Chinese patent No. CN104168585 describes a GSM/TD-SCDMA/TD-LTE mobile communication system. According to the invention, the loose coupling modularization structure mode is used and the instrument and testing method are realized by using the multithreading scheduling and dynamic chained library technologies. The main function of the drive test equipment is to collect data, carry out statistical analysis and examine the cellular network. It is similar to the present invention only in as much as it enables monitoring and analysing several air interface signaling protocols.

American patent No. US2015139061 A1 describes methods and arrangements for positioning using the DL-OTDOA (Observed Time Difference of Arrival) principle and LTE networks (the term coming from the expression‘Long-Term Evolution’ - a 4th generation wireless communication standard). The primary goal of the invention is to improve positioning accuracy. The main problem of positioning within the third-generation cellular systems is still pending and can be summarized as follows: A-GPS (Assisted-GPS) positioning can offer very high precision data, but it provides in-door positioning and this is a disadvantage. The technical solutions inherent in OTDOA-IPDL (OTDOA-improved Data Link) and UTDOA (Uplink-Time Difference of Arrival) positioning yield better in-door coverage than A-GPS and also provide better accuracy. However, presently available sensor sensitivity is not sufficient for providing adequate accuracy. Accuracies in the range between A-GPS (some meters accuracy) and Cell-ID (cell data show in which sell the receiver is located, this yields an accuracy of approx. 2-30 km) can be expected. The solution is applicable for emergency positioning of non-moving objects and not for traffic monitoring or for providing separation and also it is not an integrated system.
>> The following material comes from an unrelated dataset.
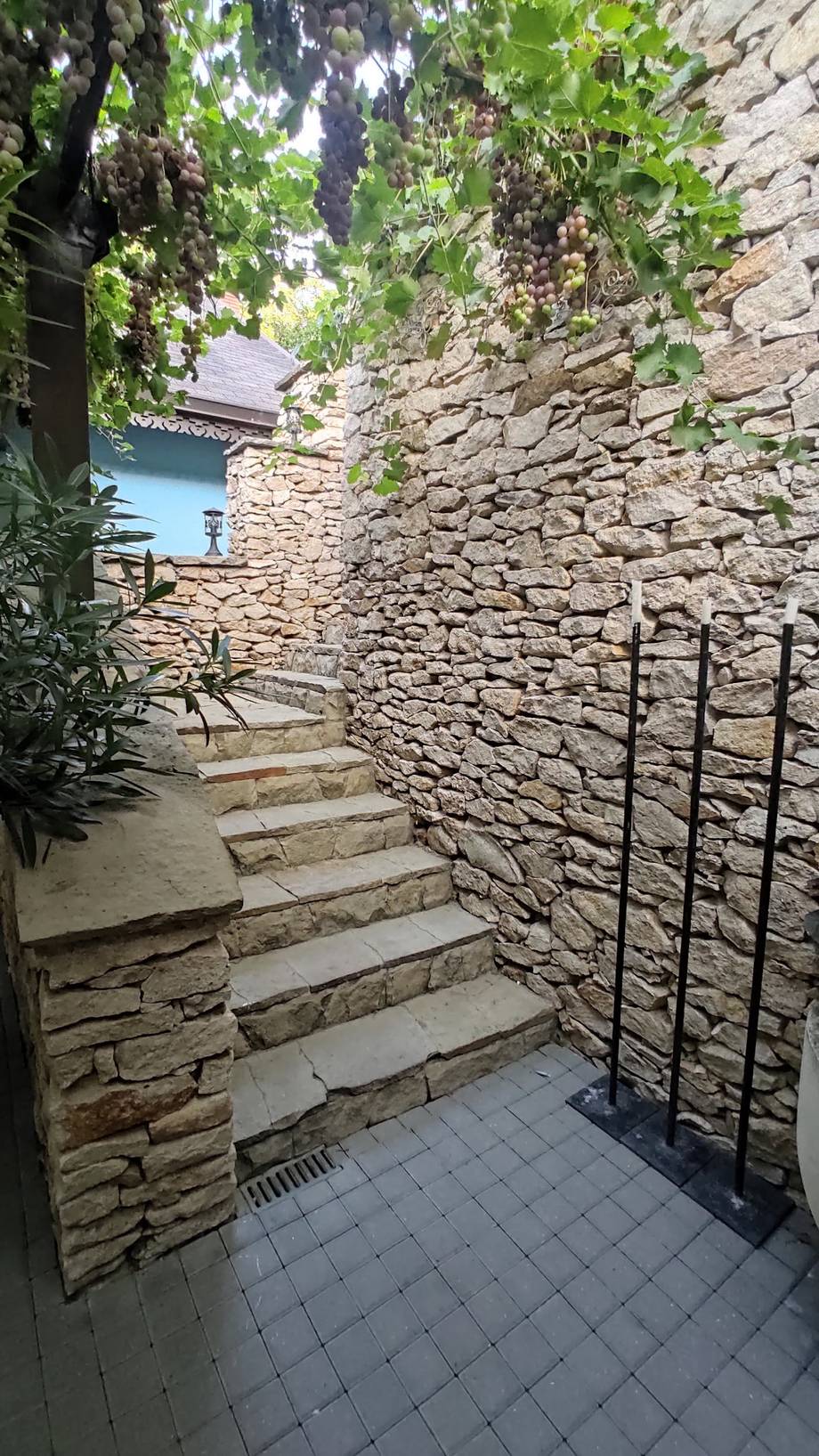 Reședința Rotundu - Rural guesthouse in Butuceni (photo 6)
The invention described in the Chinese patent No. CN106781478 relates to an LTE (long term evolution) signaling data based trajectory tracking method. The basis of the invention is to create and monitor tracks using LTE signalling data. The procedure uses only the OTDOA (Observed Time Difference of Arrival) value of the LTE signaling data, road matching is performed, target position is determined and the moving trajectory is recognized. The algorithm provided by this technology may be used by the user for: generating easily and quickly map data, collecting road toll data in databases, importing vehicle information into data bases real time, targeting the moving trajectory etc. Thus, the invention covers LTE signal processing and its tracking mechanism. It involves vehicle tracking and visualisation on maps. Korean patent NO. KR20030056266 discusses an adaptive positioning system within a wireless network. The system serves the purpose of movably assigning resources, taking into account the resources of the terminal within the network, which provides the actual positioning service in line with the requested QoS (Quality of Service) and accuracy. The solution relates to the LBS (Location Based Server).
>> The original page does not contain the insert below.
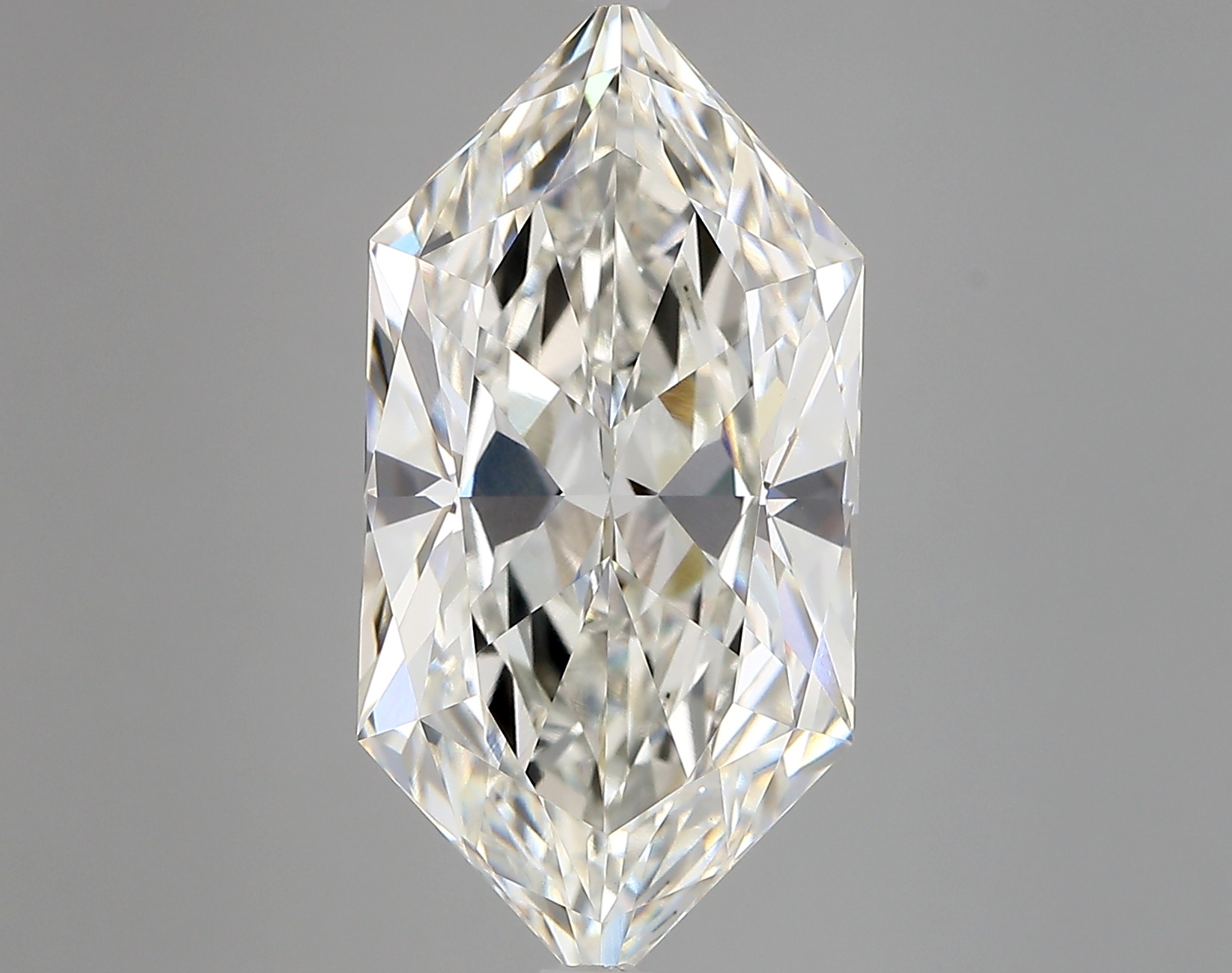 7.07ct G VVS2 Dutch Marquise (IGI)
The international patent No. WO2018125333 A2 describes a software-defined receiver using real long-term evolution (LTE) signals that may be used for navigation. The arrangement presented applies the LTE downlink structure, provides signal processing and tracking. This unit is to be found in the OTDOA capable LTE devices of our days, e.g. in cell phones. Besides, the software mentioned enables a navigation solution similar to GPS. It is not an integrated system. Korean patent No. KR20160139719 describes a positioning solution relying on LTE and GPS to be used by buses. GPS positioning data are forward with the LTE data service; thus the LTE network is only used for data transmission. A further difference to the present invention is the fact that Wi-Fi is also applied.

Chinese patent No. CN108226975 describes the positioning of ships. Just as in the previous invention, LTE technology is only used for data transmission, and here also GPS data are transmitted.

However, using GNSS has several disadvantages. Its signal can be jammed by easily and cheaply procurable devices. As based on our investigations carried out in the vicinity of Budapest University of Technology and Economics, we observed approx. 1000 jamming events within the framework of 20 days. A further disadvantage is the fact that the time stamps emitted by the satellites are not controllable. None of the solutions listed above is capable of providing validated and reliable positioning, or to send the determined positioning data to the aircraft and/or to store in a public, uniform database.

The invention aims to circumvent the problems of the already existing solutions and to create an efficient and safe arrangement and procedure to enhance positioning accuracy within a wireless communication system. The objective is to provide safe and integrated positioning of the aircraft to the air traffic management (ATM) system by using an individually identifiable, mobile, coded, on-board device of low energy uptake. A further objective is to enhance safety by sending the determined and validated positioning data to the aircraft and/or the airspace user, and also feeding it into a uniform, verified and possibly public data base.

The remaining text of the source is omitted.